**WORKING DATA:**

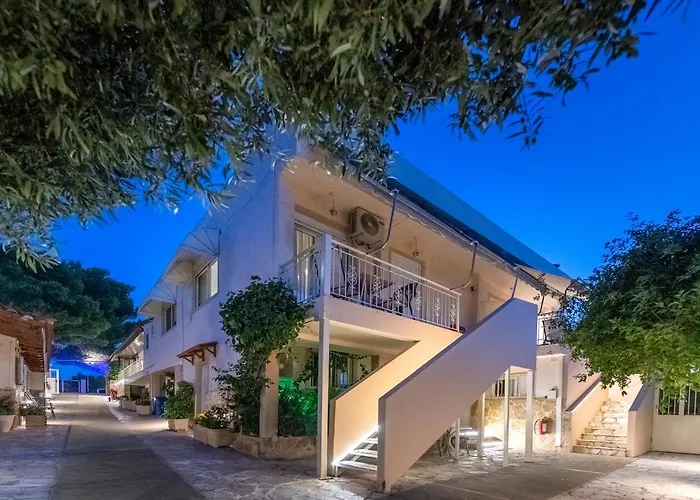 Apartments Tina Free Transfer From-To The Airport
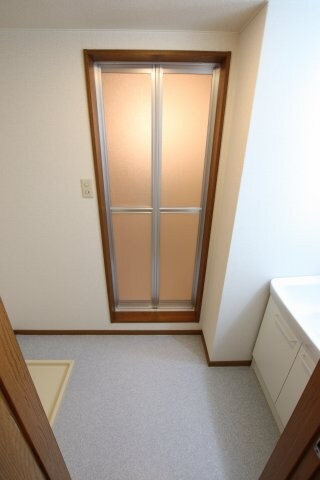 ラルジュウエストの物件内観写真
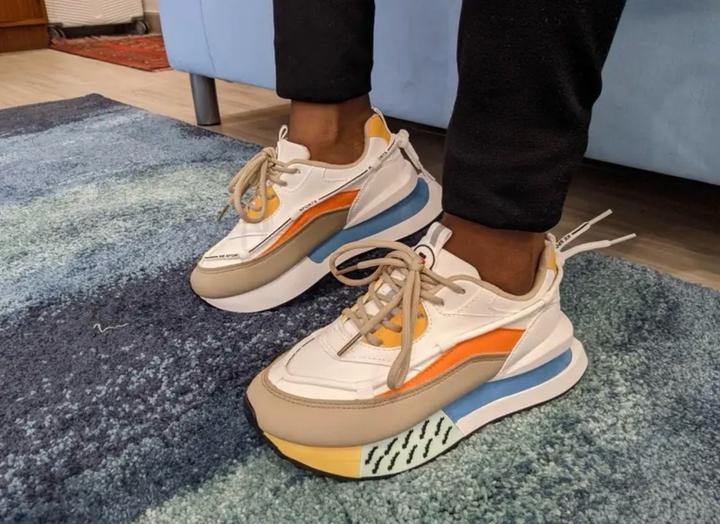 Женские кроссовки 40р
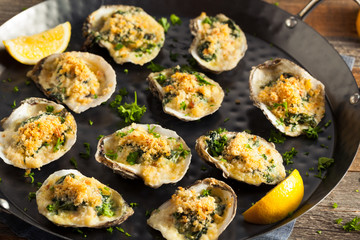 Homemade Creamy Oysters Rockefeller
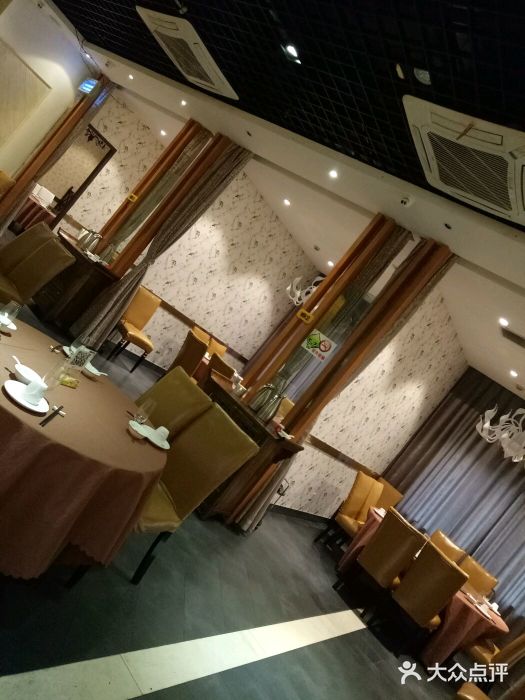 谭谈川菜(控江路店)大堂图片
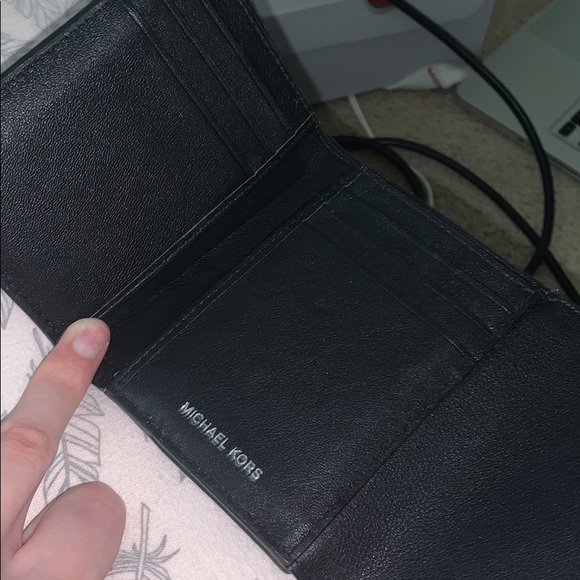 michael kors wallet - Picture 4 of 4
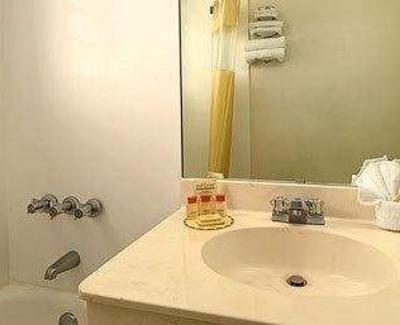фото отеля Days Inn Miami Beach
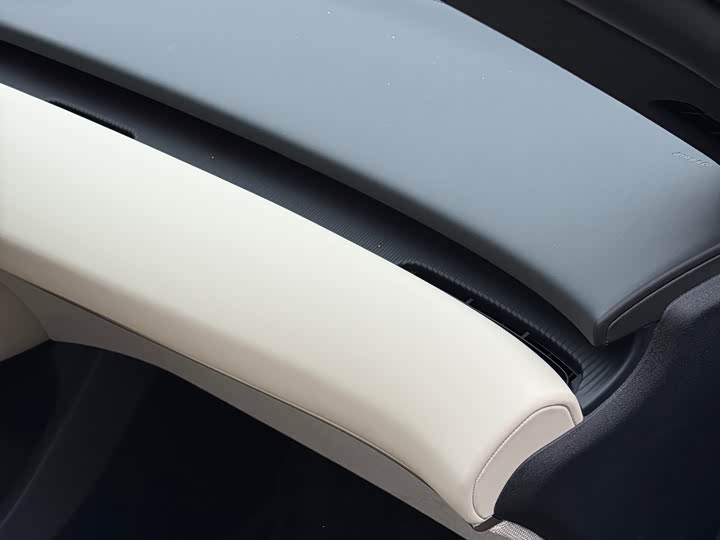 Фото 7 - Nio ET5T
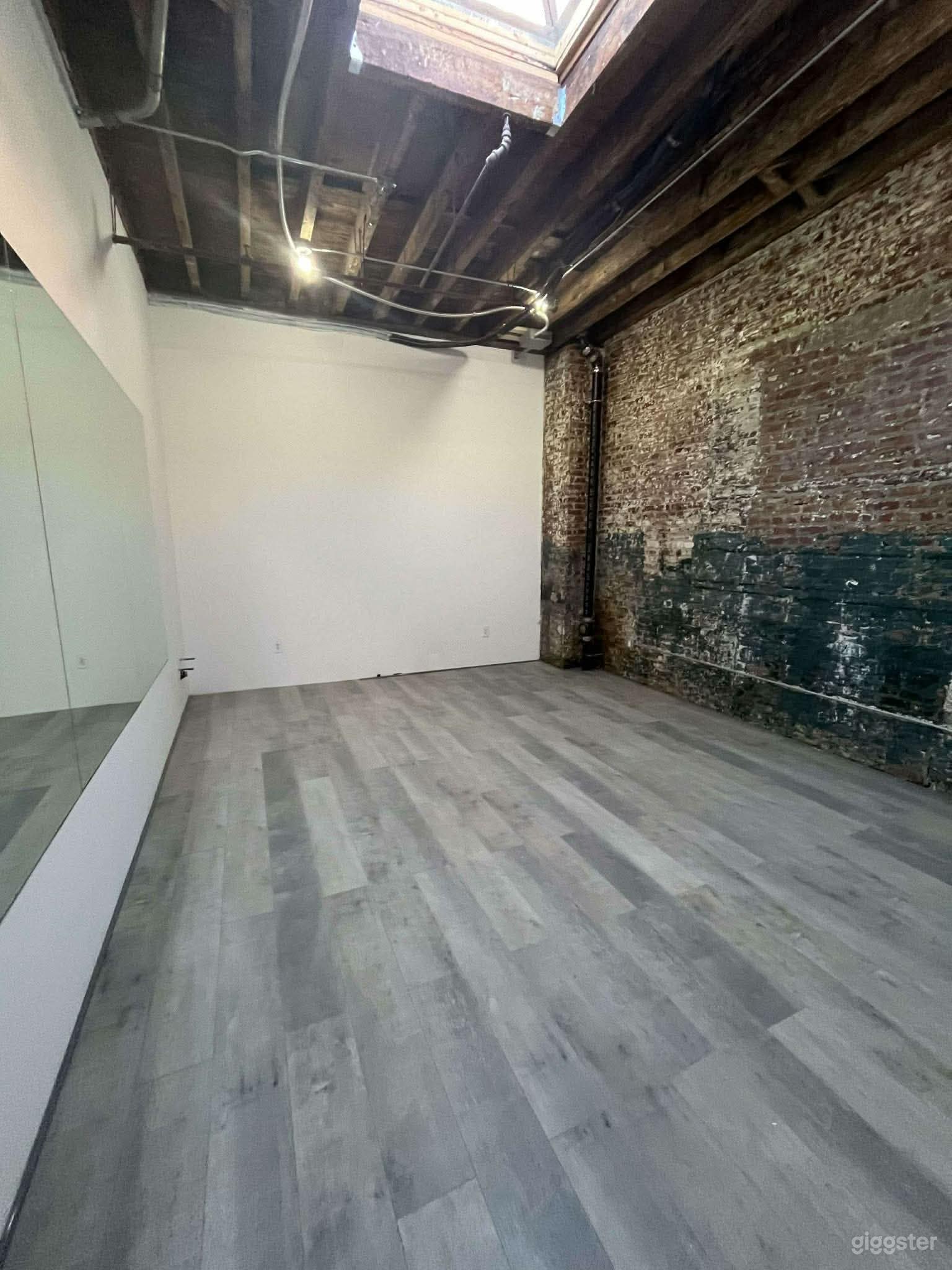 Room1– Spacious Mirrored Dance Studio for Rehearsals & Class Photo 4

**EXERCISE:** Return all the lines above exactly; none of the pictures should appear.

**EXERCISE OUTPUT:**
 Apartments Tina Free Transfer From-To The Airport
 ラルジュウエストの物件内観写真
 Женские кроссовки 40р
 Homemade Creamy Oysters Rockefeller
 谭谈川菜(控江路店)大堂图片
 michael kors wallet - Picture 4 of 4
фото отеля Days Inn Miami Beach
 Фото 7 - Nio ET5T
 Room1– Spacious Mirrored Dance Studio for Rehearsals & Class Photo 4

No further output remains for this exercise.